As soon as I'd like to do some more complex, e.g. - save Order which is linked to the customer everything seems to break:
[HttpPost]
public ActionResult Create(Order o)
{
// Persistance logic and return view
}
To persist an order I need Customer or at least CustomerId. CustomerId was present in the view, but by the time it has got to Create method, it has lost CustomerId. I don't fancy sitting around debugging MVC code as I won't be able to change it in a hosting envrionment either way.
Ok, a bit of moaning here, sorry. What I would do now, is create a view model called NewOrder, or SaveOrder, or EditOrder depending on what I'm trying to achieve. This view model would contain all the properties that I'm interested in. Out-of-the-box auto binding, as the name implies, will bind submitted values and nothing will be lost. If I want custom behaviour, then I can implement my own "binding" and it will do the job.
Alternative is to use FormCollection:
[HttpPost]
public ActionResult Create(FormCollection collection)
{
// Here I use the "magic" UpdateModel method which sometimes works and sometimes doesn't, at least for LINQ Entities.
}
This is used in books and tutorials, but I don't see a point in a method which has an alternative: TryUpdateModel - if this crashes or model is invalid, it attempts to update it either way. How can you be certain that this is going to work?
Autobinding with view models will work the most of the time. If it doesn't, then you can override it. How do you know it will always work? You unit test it and you sleep well.
Another approach that I have tried is using ViewModel - wrapper objects with validation rules. This sounds like a good idea, except that I don't want to add annotations to Entity classes. This approach is great for displaying the data, but what do you do when it comes to writing data?
[HttpPost]
public ActionResult Create(CustomViewWrapper submittedObject)
{
// Here I'd have to manually iterate through fields in submittedObject, map it to my Entities, and then, eventually, submit it to the service/repository.
}
** View model is a good way forward. There would have to be some mapping code from view model to the domain model, which can then be passed to the relevant service. This is not a correct way, but it's one way of doing it. Auto mapping tools are you best friends and you should find the one that suits your requirements, otherwise you'll be writing tons of boilerplate code.**
Am I missing something out or is this the way Microsoft MVC3 should work? I don't see how this is simplifying things, especiialy in comparisson to Java MVC.
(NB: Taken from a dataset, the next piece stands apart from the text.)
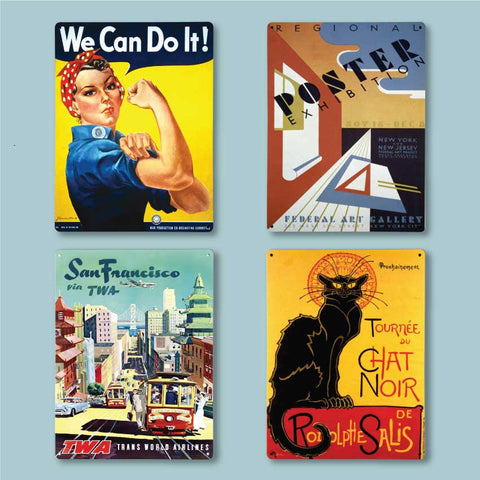 Four magnetic wall art boards with vintage posters printed on them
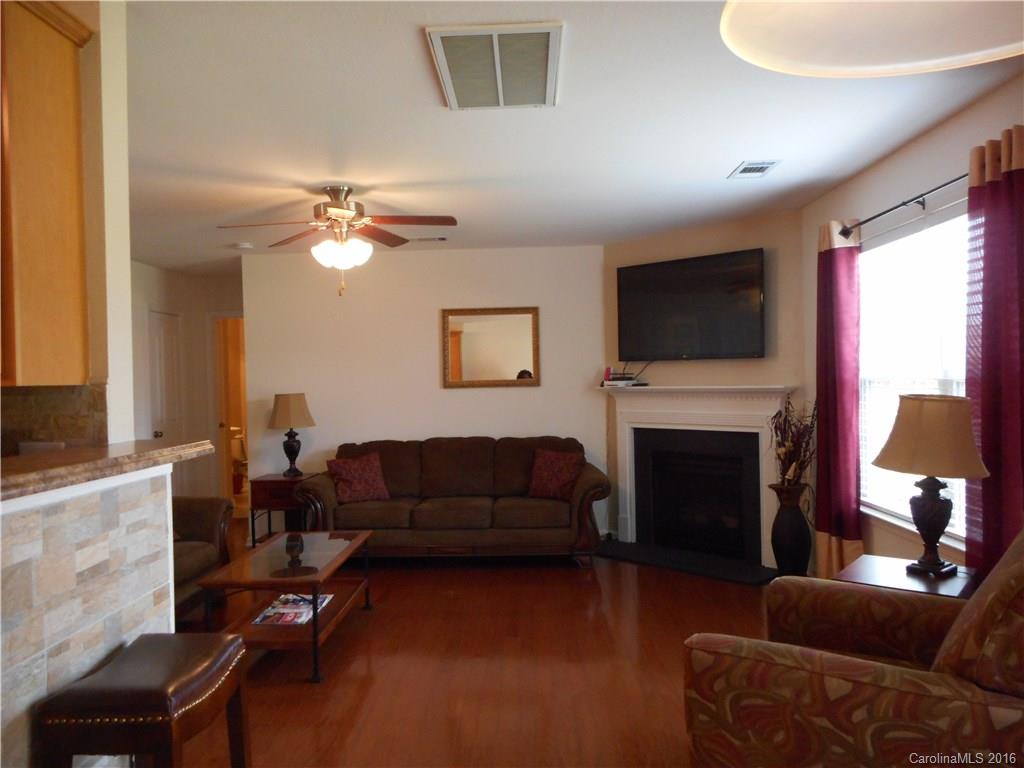 2987 Arthur Road, Unit 173 Indian Land, SC 29707 - Photo 6 of 18 a living room with furniture a fireplace and a flat screen tv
I'm sorry if this sounds negative, but this has been my experience so far. I appreciate the fact that the framework is constantly being improved, methods like UpdateModel get introduced, but where is the documentation? Maybe it's time to stop and think for a little bit? I prefer my code to be consistent throughout, but with what I have seen so far, I have no confidence whatsoever that this is a right way forward.
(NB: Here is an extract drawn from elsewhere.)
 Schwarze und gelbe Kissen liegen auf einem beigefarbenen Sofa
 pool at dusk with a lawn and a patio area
I love the framework. There is so much to learn and it's not a lot more exciting then it has ever been. Should probably make another post regarding web forms. I hope this is helpful.
1) For the case of saving an order, and not having CustomerId present. If Order has a CustomerId property on it, and you have a stongly typed view, then you can persist this back to your controller action by adding
#Html.HiddenFor(model => model.CustomerId)
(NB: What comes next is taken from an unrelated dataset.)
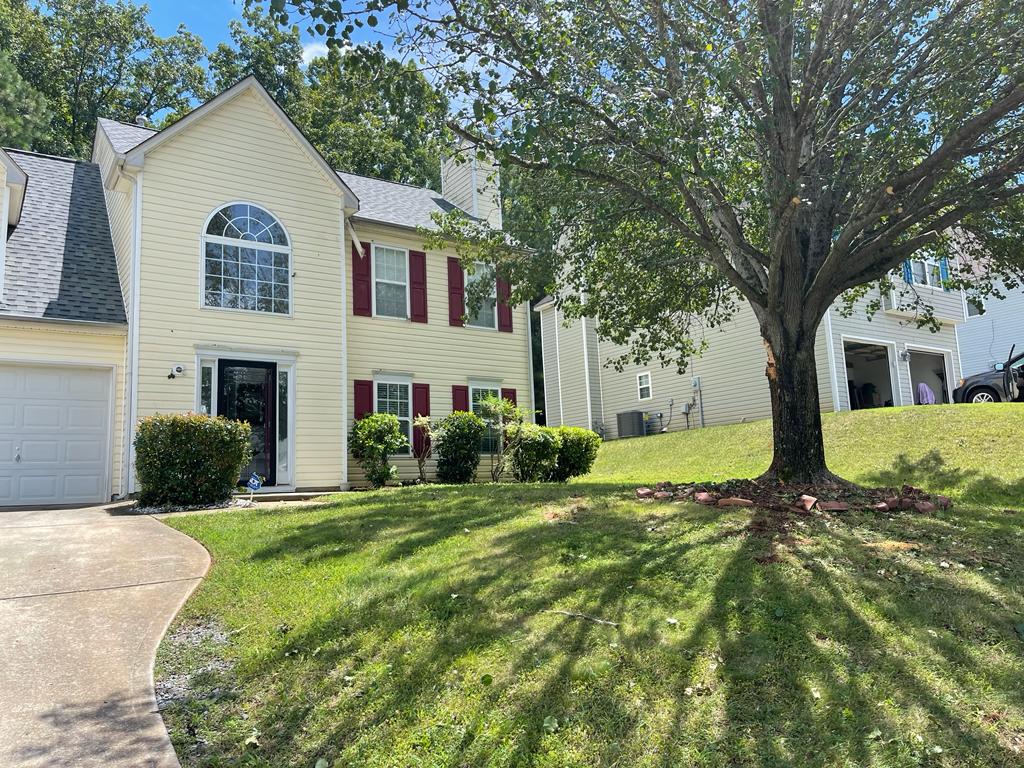 Well-maintained residential property with healthy lawn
Doing this will have the default model binder populate things for you.
2) With respect to using a view model, I would recommend that approach. If you utilize something like AutoMapper you can take some of the pain out of redundant mapping scenarios. If you use something like Fluent Validation then you can separate validation concerns nicely.
Here's a good link on a general ASP.NET MVC implementation approach.
I don't think your issue is with asp.net MVC but with all the pieces You Choose to use together.
You want it raw and simple?
Use POCOs all around, and implement the repository where you need it.
I haven't used Java MVC, but it'd make the whole question look less like a rant if you include how you solved the particular problem in there.
Let's clear some misconceptions or maybe miscommunication:
You can pass complex objects through a post to the view. But you only want to do so if it makes sense, see next bullet
The sample you picked there rings some alarms. Accepting Customer data or CustomerID for an order and not checking authorization can be a Big security hole. The same could be said for an Order depending on what you are accepting/allowing. This is a Huge case for the use of ViewModels, regardless of POCOs, LINQ, Asp.net MVC or Java MVC.
You can pass simple values not being showed through a post to the view. It's done with hidden fields (which asp.net MVC supports very simply to use the model value), and in some scenarios it generates the hidden fields for you.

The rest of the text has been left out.